TRY IT: Leave out the pictures and restate exactly, and only, the lines from the one that contains "this 500×387 image." through the final line of the material below.

* * * * * * *

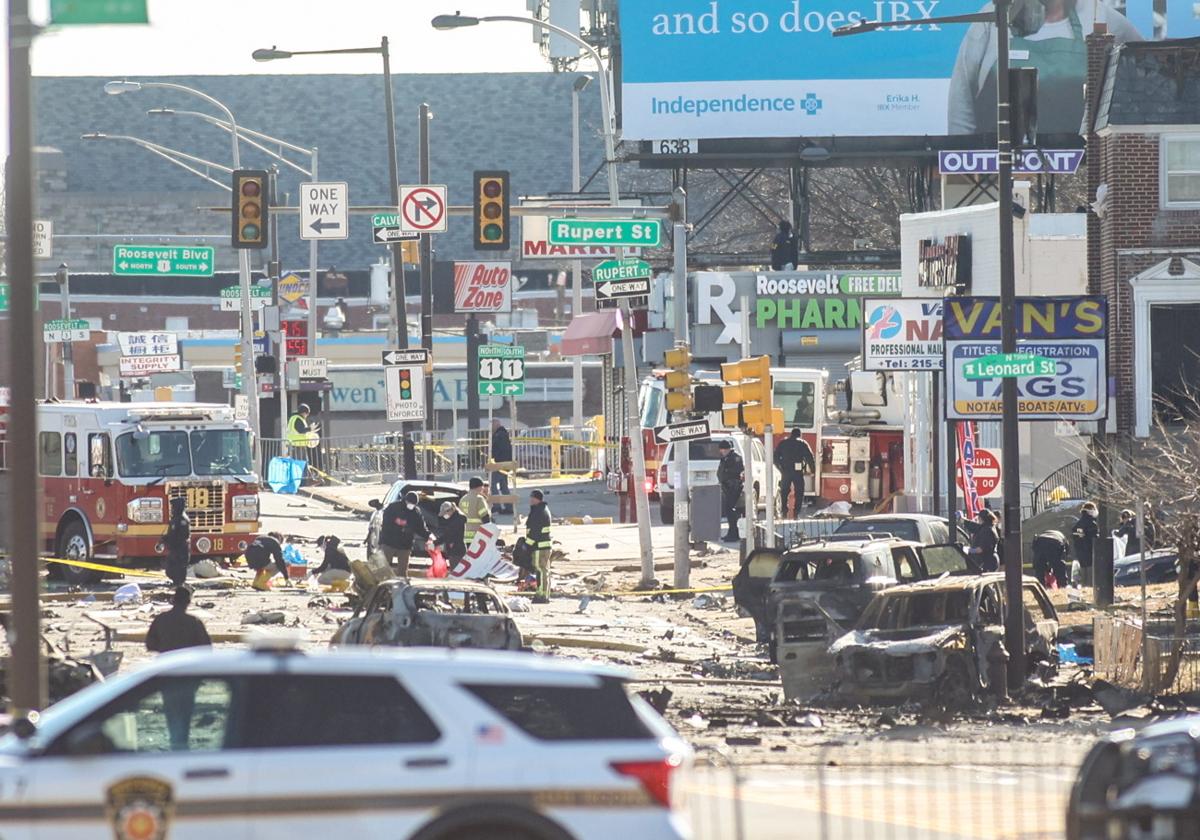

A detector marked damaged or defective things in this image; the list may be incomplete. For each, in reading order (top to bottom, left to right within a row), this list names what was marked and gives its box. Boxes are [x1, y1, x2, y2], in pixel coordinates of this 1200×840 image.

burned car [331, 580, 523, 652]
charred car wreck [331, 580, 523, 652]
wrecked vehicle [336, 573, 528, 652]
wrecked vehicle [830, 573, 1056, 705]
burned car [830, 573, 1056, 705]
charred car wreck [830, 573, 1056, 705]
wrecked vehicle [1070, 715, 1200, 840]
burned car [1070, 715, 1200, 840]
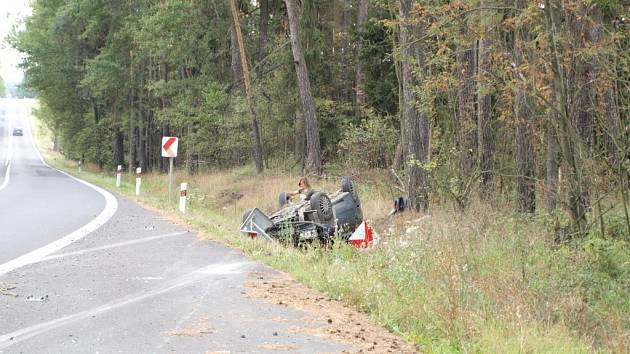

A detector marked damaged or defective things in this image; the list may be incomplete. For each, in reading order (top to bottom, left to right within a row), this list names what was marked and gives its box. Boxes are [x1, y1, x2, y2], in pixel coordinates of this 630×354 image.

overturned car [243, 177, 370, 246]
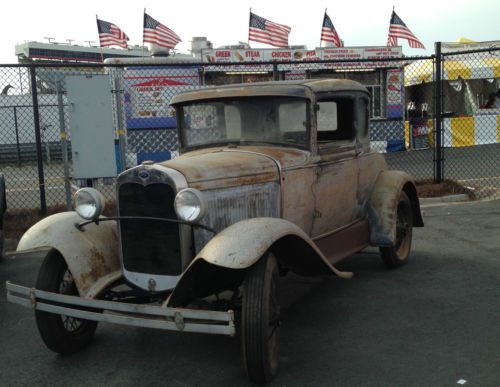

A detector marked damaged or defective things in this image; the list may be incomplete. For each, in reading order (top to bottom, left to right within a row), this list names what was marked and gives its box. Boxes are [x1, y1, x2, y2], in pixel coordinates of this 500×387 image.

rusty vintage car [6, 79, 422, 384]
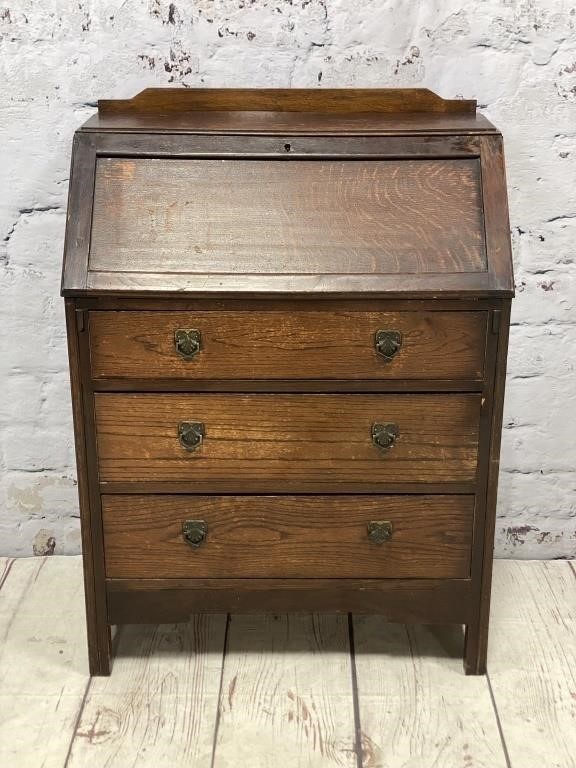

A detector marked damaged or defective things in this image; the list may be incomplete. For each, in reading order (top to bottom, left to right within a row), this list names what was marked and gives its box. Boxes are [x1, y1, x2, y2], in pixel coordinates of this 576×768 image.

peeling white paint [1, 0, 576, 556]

* * * * * * *

RESPONSE TO THIS TASK:
A detector marked damaged or defective things in this image; the list may be incomplete. For each, in reading order (top to bottom, left to right within a row), this list names what was marked and gives its box. Boxes are [x1, y1, x2, y2], in pixel coordinates of this 500×387 image.

rusty vintage car [6, 79, 422, 384]

A detector marked damaged or defective things in this image; the list may be incomplete. For each, in reading order (top to bottom, left to right within a row), this list names what was marked and gives its box. Boxes are [x1, y1, x2, y2], in pixel coordinates of this 576×768 image.

peeling white paint [1, 0, 576, 556]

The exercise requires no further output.